• _Exercise details_
Look for "with" in the material below and show each line that contains it.

-------- Source records --------

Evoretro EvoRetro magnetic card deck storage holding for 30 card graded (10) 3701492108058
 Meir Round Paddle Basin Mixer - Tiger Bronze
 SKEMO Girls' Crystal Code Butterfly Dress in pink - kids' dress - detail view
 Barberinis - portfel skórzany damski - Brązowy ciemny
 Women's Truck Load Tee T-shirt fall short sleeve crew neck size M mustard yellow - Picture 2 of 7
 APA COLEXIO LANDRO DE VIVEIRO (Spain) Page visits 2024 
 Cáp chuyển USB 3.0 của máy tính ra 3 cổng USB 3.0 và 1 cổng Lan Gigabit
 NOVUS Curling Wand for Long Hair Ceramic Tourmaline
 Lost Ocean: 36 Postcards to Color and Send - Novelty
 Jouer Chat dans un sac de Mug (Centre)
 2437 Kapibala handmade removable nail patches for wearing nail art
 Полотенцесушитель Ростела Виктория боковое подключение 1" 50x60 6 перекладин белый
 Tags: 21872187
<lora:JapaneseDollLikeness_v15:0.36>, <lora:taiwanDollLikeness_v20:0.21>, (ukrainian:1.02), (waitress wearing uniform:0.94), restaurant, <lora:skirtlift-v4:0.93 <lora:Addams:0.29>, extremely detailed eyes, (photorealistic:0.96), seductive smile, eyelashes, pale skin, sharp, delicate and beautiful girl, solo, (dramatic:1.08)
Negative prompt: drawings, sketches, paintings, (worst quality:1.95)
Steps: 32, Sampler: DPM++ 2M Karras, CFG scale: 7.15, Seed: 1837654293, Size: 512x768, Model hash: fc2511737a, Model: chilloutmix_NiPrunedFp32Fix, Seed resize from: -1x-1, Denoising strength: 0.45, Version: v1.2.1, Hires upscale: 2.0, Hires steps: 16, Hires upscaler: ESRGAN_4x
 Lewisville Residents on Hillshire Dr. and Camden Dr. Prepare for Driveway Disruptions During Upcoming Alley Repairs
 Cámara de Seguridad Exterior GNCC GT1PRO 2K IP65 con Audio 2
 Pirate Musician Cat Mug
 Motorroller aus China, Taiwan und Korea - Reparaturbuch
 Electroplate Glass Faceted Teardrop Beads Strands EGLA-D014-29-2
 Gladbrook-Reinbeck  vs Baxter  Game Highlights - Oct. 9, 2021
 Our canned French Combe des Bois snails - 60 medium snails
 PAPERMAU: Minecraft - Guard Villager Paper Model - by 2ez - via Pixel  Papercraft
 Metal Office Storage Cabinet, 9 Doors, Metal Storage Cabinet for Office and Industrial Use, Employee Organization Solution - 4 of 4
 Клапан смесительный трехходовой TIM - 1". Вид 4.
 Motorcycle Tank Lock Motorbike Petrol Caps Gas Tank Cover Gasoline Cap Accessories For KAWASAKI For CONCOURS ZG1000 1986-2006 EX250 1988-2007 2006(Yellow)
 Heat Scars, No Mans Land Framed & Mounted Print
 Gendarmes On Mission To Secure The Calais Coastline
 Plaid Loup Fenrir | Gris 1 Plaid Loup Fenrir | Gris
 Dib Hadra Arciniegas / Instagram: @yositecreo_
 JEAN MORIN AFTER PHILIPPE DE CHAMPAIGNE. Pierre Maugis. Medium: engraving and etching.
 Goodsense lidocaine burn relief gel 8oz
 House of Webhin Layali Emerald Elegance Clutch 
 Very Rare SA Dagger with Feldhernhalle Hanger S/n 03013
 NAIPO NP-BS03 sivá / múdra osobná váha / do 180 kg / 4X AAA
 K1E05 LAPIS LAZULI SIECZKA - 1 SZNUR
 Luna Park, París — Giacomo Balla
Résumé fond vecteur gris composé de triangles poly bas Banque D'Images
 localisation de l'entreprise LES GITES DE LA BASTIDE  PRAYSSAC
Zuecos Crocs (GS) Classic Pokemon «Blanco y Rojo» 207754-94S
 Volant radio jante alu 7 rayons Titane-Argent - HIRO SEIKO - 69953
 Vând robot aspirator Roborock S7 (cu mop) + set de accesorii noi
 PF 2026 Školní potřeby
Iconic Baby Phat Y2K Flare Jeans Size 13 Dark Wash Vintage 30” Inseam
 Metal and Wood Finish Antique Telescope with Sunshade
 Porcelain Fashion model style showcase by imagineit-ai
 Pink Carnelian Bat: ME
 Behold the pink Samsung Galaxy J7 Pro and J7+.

--------

• _Answer box_
 Very Rare SA Dagger with Feldhernhalle Hanger S/n 03013
 Metal and Wood Finish Antique Telescope with Sunshade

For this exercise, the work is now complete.